The truth is I don’t have to understand all of the allusions in Something Rising in order to enjoy it. I loved this book. I always love Kimmel’s writing, and out of the six books of hers I have read so far, this one is my favorite. (They may continue to get better, actually. I think that Iodine, the fourth novel, had been my favorite when I read them a couple decades ago.) I love this: the language; the imagery; the characters; some of the insight. How to make this longer? Kimmel’s writing is beautiful, even breathtaking, always clear (though sometimes bogged down by high-level academic stuff), always transporting. Her use of carefully-chosen detail takes the reader right into each scene and then the way she develops the people in the scene really endears every single character, no matter how flawed or obnoxious. These people and places really breathe, and Kimmel has something to say about all of it. I don’t always agree with what she seems to be saying, as a narrator, but I can always appreciate the story as a story, the characters on their own terms, and the places as a sort of historical artifact, though fictional.

My issue with this book is essentially the only issue I had with Solace, which can be said “plot” or “pacing.” As literary fiction, there isn’t a real clear hero’s journey, and that’s okay. However, her character development and plot development are lopsided in the same way in Something Rising as in Solace. There is tremendous build-up (without, remember, a conventional (or as my friend would say it, modern, Western) plot. We don’t know what we’re asking or where we’re heading, exactly, we’re just getting to know the place and the characters and the circumstances) but then when it resolves, it does so entirely too quickly. Another way to say it: Kimmel is a bit of a tease with the more traditional elements of plot, especially romance. Last time I said that if she had added a few more scenes with the “romantic leads” along the way, the ending would have been much more satisfying. In Something Rising, sure, I would have loved more time and clues leading up to the two eventual romances, but my real complaint is in the sudden changes in Cassie, which I don’t feel are gradual enough. Pages before the end, she is still the same old Cassie in so many ways, enough that I, as a reader, want to challenge the changes that we do see. I don’t think Kimmel ushered us through the process of the change. The ending, again, is too abrupt, and since it’s literary fiction, we don’t get to hang out there much, if at all. Endings can only be implied in literary fiction, you can’t really look them straight in the face. Fine. But I have to believe what is cropping up obliquely and gradual change is key.

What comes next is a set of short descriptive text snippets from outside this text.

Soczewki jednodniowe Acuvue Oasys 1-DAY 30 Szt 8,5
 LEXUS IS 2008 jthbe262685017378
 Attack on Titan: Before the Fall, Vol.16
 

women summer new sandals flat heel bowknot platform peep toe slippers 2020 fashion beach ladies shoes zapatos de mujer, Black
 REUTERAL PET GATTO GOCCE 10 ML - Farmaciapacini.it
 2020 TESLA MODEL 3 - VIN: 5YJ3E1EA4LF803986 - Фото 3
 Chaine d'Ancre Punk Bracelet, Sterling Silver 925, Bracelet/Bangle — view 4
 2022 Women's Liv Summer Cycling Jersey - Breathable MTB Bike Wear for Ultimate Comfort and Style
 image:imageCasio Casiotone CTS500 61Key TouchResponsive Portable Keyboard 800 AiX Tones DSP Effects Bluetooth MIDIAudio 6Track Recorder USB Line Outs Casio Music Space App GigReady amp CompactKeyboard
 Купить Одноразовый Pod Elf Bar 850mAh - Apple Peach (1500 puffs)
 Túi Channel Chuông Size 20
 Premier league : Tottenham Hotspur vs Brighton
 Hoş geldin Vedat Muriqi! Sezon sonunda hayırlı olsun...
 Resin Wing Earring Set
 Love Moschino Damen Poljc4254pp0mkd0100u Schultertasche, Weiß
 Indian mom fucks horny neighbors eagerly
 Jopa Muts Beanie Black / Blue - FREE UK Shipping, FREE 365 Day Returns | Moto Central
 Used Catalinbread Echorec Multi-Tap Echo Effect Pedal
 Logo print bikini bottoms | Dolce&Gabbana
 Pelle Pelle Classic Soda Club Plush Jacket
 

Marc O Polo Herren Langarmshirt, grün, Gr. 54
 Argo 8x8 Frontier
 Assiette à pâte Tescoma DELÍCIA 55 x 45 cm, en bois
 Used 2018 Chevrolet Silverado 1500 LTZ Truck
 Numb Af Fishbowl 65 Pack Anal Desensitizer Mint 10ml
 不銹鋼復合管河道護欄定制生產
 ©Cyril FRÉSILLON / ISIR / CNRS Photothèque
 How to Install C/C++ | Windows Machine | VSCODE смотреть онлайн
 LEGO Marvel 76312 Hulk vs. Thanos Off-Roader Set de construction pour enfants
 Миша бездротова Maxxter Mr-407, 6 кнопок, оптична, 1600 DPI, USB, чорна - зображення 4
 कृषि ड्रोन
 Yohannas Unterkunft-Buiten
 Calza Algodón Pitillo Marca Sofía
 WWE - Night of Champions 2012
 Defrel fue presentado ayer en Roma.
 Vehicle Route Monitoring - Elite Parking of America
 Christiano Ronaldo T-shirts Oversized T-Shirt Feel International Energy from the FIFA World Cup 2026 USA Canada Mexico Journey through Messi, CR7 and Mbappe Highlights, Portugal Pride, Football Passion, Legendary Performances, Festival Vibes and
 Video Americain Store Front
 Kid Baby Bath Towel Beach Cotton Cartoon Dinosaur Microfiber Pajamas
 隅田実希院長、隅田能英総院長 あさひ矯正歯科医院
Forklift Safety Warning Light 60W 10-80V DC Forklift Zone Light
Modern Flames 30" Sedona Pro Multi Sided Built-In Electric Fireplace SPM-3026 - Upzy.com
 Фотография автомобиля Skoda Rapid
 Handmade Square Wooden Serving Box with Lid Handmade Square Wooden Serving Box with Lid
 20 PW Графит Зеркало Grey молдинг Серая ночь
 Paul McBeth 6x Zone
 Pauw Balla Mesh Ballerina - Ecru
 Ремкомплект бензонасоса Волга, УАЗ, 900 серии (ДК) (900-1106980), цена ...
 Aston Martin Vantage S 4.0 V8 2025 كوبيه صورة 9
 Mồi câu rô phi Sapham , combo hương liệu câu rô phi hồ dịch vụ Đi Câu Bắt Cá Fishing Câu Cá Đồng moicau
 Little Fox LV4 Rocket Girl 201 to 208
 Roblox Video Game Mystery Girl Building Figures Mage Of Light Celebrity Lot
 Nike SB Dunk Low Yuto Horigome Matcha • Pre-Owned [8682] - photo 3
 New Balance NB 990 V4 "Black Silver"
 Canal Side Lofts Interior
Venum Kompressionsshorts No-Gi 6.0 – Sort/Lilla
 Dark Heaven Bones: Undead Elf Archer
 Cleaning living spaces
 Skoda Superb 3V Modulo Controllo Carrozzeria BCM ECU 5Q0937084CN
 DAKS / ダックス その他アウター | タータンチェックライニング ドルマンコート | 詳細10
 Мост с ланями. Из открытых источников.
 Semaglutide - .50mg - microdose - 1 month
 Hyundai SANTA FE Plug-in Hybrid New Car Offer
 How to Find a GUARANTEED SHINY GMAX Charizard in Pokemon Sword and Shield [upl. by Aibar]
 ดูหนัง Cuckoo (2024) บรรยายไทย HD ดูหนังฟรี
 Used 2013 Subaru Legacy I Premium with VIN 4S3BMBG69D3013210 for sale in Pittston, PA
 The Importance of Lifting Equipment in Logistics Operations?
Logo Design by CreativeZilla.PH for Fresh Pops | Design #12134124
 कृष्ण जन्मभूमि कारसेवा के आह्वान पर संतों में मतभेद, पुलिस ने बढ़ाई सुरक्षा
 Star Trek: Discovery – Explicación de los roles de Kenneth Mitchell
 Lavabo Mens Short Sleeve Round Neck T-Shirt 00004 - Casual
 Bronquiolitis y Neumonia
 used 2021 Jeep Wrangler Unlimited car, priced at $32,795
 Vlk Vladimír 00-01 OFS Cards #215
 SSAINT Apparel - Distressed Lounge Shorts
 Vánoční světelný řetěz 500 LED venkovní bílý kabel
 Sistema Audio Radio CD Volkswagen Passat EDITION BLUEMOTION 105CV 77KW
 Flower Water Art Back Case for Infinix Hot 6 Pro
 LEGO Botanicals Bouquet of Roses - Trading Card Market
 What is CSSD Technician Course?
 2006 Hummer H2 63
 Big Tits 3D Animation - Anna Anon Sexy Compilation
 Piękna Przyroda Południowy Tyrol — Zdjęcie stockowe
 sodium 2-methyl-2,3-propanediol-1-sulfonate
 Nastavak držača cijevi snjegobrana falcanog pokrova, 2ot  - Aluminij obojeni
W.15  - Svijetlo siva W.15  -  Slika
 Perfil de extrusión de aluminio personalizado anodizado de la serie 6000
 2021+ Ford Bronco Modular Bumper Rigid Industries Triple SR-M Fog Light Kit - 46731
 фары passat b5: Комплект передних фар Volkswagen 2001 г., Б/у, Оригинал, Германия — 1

This might be the sort of thing you will feel if you read Something Rising (Light and Swift), so I am pre-empting your disappointment, but not to discourage you from reading it. Ultimately, I love Kimmel’s books and I really enjoyed Something Rising. If you do literary fiction, it’s a great book. I have yet to understand why Kimmel isn’t more well-known. As far as the genre goes, she is a bright light on the close-backwards horizon and I actually felt like I spent the last couple days in Indiana with Cassie, Puck, Emmy, Laura, etc, even though they aged more than ten years during the story. A recommended read.

QUOTES:

“…I didn’t know that the heart can make grave mistakes and that who you end up married to is largely a matter of accident and then you’re stuck with it forever…” (p51).

“An infinite number of props are necessary to shore up a serene family life, that’s what Laura would have said, and once Emmy’s parents, Mike and Diana, had gathered those props, they didn’t change them” (p66).

“Laura saw no good end. ‘I would have cared for you if the situation were reversed,’ she wrote. ‘I would have seen you through to the end. But to bargain for my life at your expense is untenable’” (p159).

“When you were little, and I think this is true of almost every mother of young children, I was less afraid that one of you would die than that we wouldn’t all be together” (p161).

“I am tired of flossing, of hand lotion, of the food pyramid. Years before I knew I was ill I had already felt every single morning, rising from bed, that I had to get up and do something about my corpse” (p164).

“Then there had been no limit to how far she could ride, not because she was stronger but because she thought differently” (p175).